Dyscalculia and Dyslexia: Understanding Co-Occurring Learning Disabilities

40-60% of dyslexic children also have dyscalculia. Complete guide to understanding co-occurring learning disabilities, getting diagnosis, and supporting both.

When Reading AND Math Are a Struggle

Your child has dyslexia, and now you’re noticing math struggles too. Is this normal?
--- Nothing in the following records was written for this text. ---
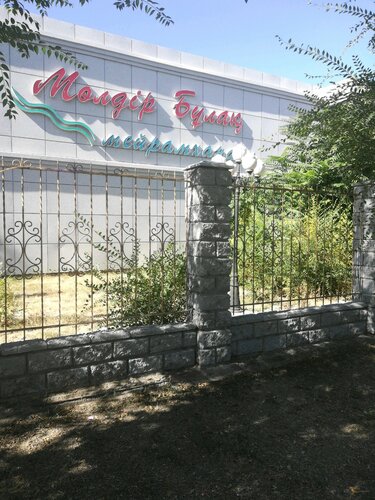 Жедел жәрдем дәрігерлерінің сексуалдық зорлық-зомбылығы көрсетілген порно видеоны онлайн көріңіз.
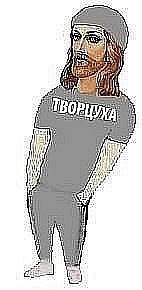 №1, Max Afonin, Москва №1, Max Afonin, Москва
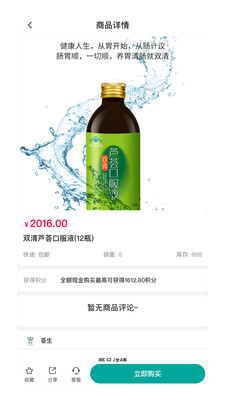 荟生云商  v1.4.200图2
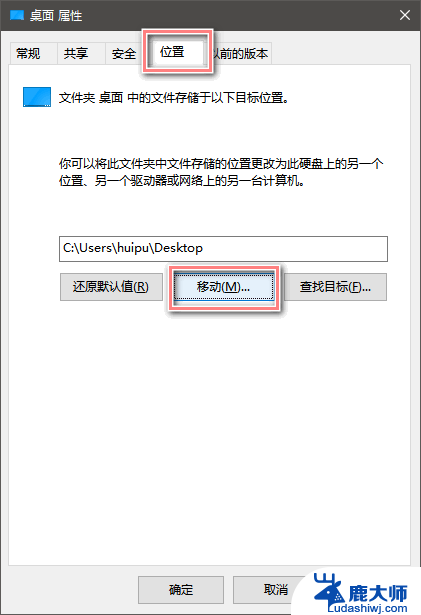 win12怎么清理c盘 Windows C盘红色烦恼解决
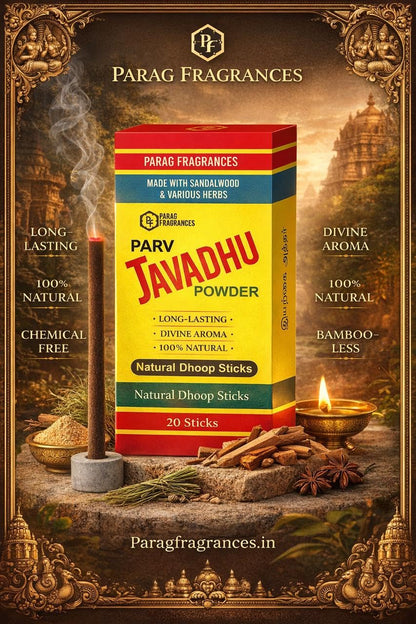 Parag Fragrances Jasmine Dhoop Sticks, 20 Count, 100g Pack, Charcoal-Free Natural Incense, Traditional Javadhu - ingredients 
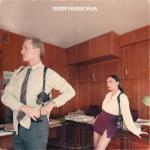 album image Старший лейтенант Старший лейтенант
Unfortunately, yes. 40-60% of children with dyslexia also have dyscalculia—a math-specific learning disability.

This comprehensive guide explains the connection, how to identify dyscalculia, and strategies that help with both conditions.

What is Dyscalculia?

Definition

Dyscalculia is a specific learning disability that affects math skills, number sense, and mathematical reasoning.

Core Difficulties

  • Number sense: Understanding what numbers represent
  • Subitizing: Instantly recognizing small quantities (most people can see 3 dots without counting; dyscalculic students must count)
  • Math facts: Memorizing addition, subtraction, multiplication tables
  • Procedures: Following multi-step calculations
  • Word problems: Translating language to math operations
  • Time: Reading analog clocks, understanding time concepts
  • Money: Making change, calculating costs

Prevalence

  • 5-7% of population has dyscalculia
  • 40-60% of dyslexic children also have dyscalculia
  • Often goes undiagnosed (overshadowed by reading struggles)
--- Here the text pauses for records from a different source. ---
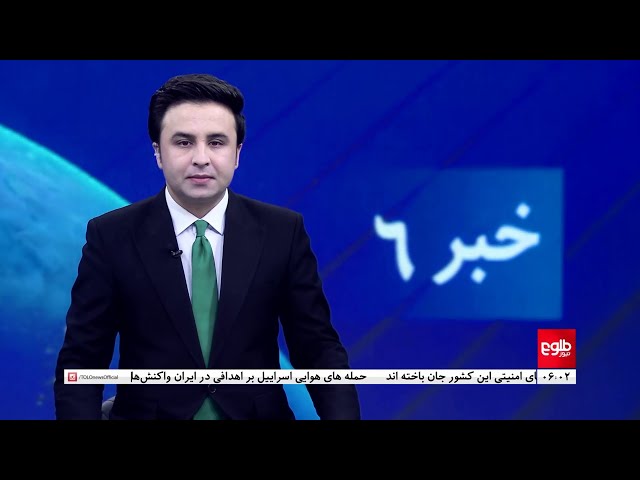 ⁣TOLOnews - 6pm News - 26 October 2024 | طلوع‌نیوز - خبر ساعت شش - ۰۵ عقرب ۱۴۰۳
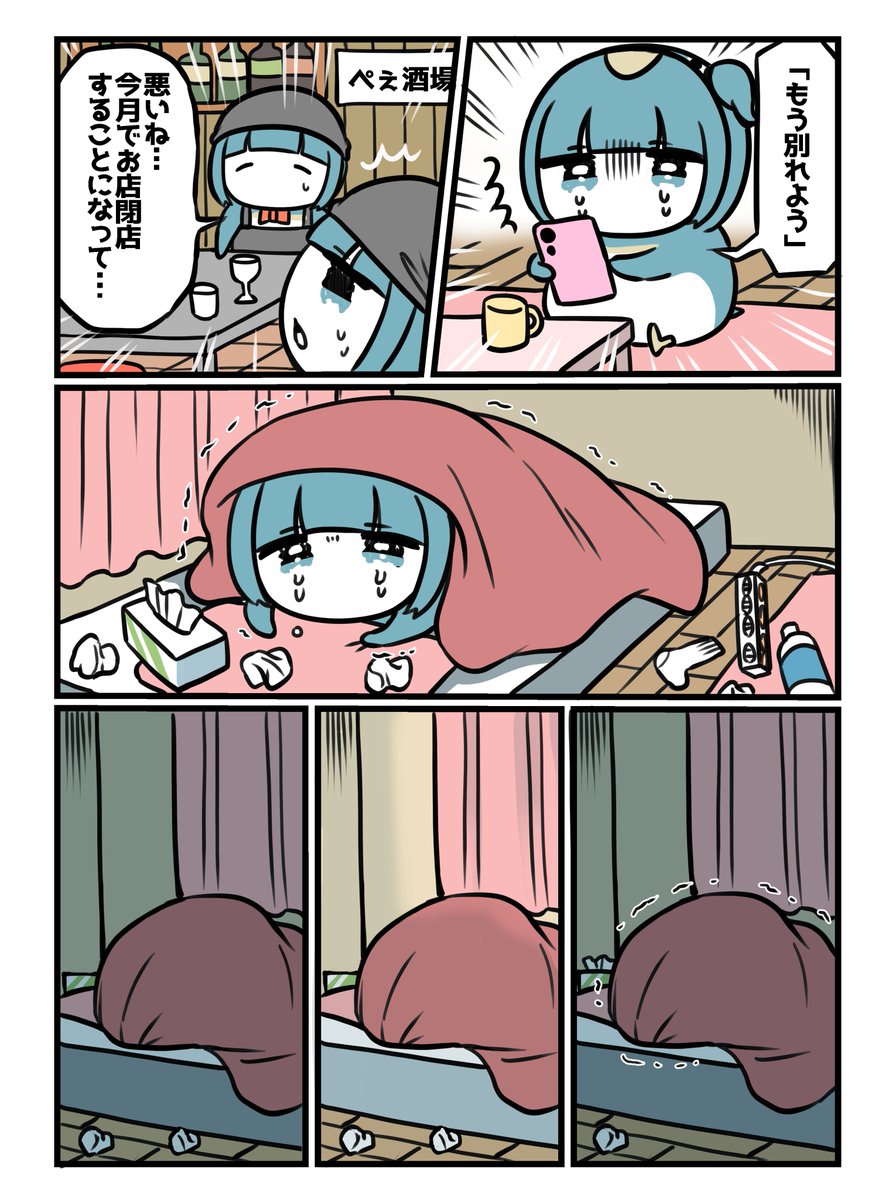 茜りう@ともペン書籍発売中 (@riu_akane) / Highlights / X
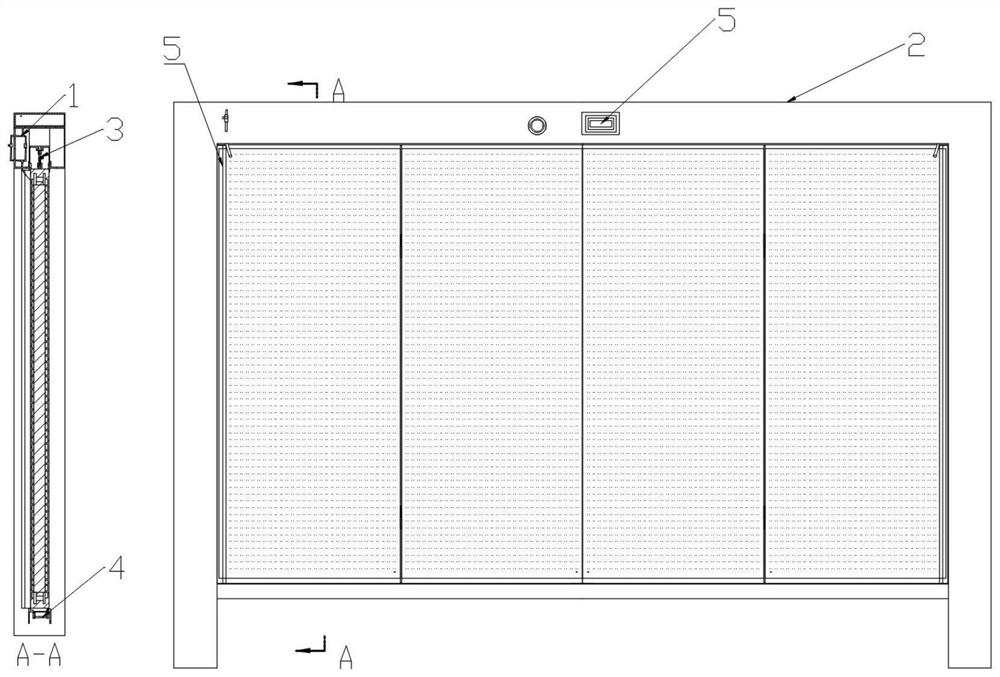 Fireproof folding door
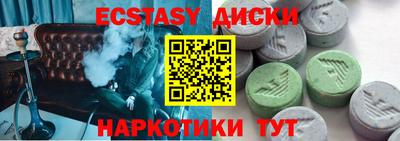 бутират Пушкино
Why Do Dyslexia and Dyscalculia Co-Occur?

Shared Neural Pathways

Research shows overlapping brain regions involved in:

  • Working memory: Holding information temporarily
  • Processing speed: How quickly brain processes information
  • Symbol processing: Letters (dyslexia) and numbers (dyscalculia) are both symbolic systems
  • Sequence processing: Order of letters in words / order of steps in math

Common Genetic Factors

Twin studies show shared genetic components. If one identical twin has both conditions, the other twin has 60-70% likelihood of also having both.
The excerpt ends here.